Your answer should be the records, copied exactly, with the pictures removed.
================================
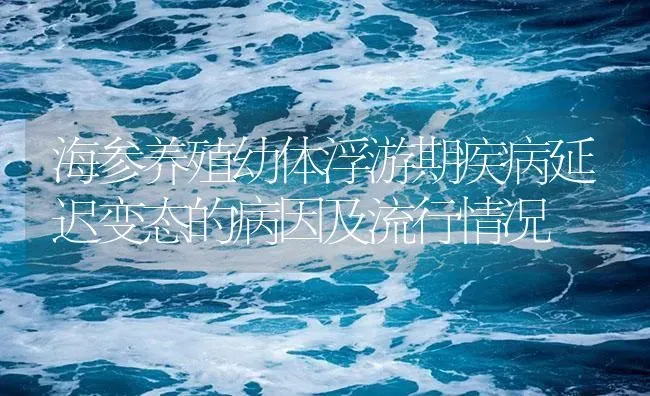 海参养殖幼体浮游期疾病延迟变态的病因及流行情况 | 海水养殖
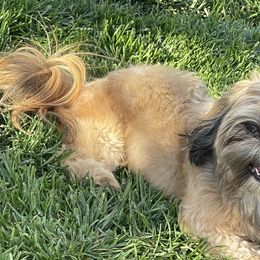 Shih Tzus from High Desert  Shih Tzu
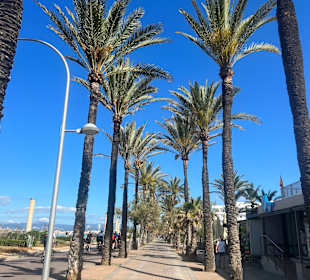 Strandpromenade Playa/Platja de Palma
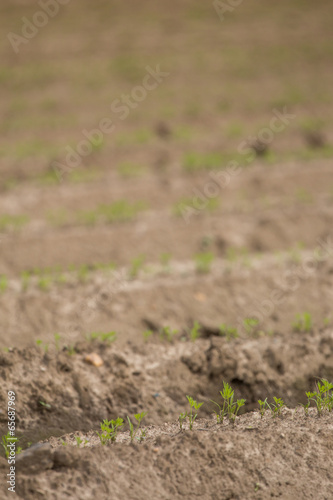 fresh made agricultural field texture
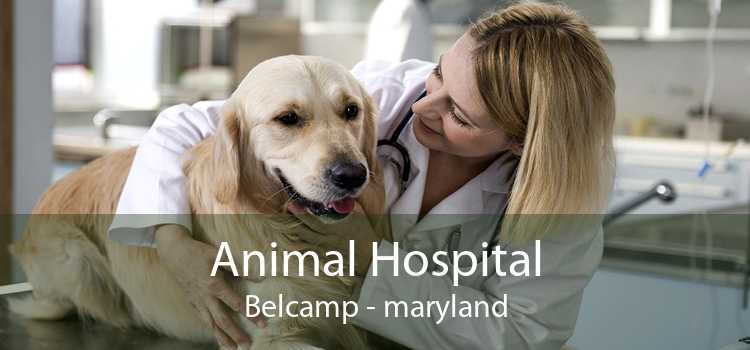 Animal Hospital Belcamp - maryland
================================
-- Exercise output --
 海参养殖幼体浮游期疾病延迟变态的病因及流行情况 | 海水养殖
 Shih Tzus from High Desert  Shih Tzu
 Strandpromenade Playa/Platja de Palma
 fresh made agricultural field texture
 Animal Hospital Belcamp - maryland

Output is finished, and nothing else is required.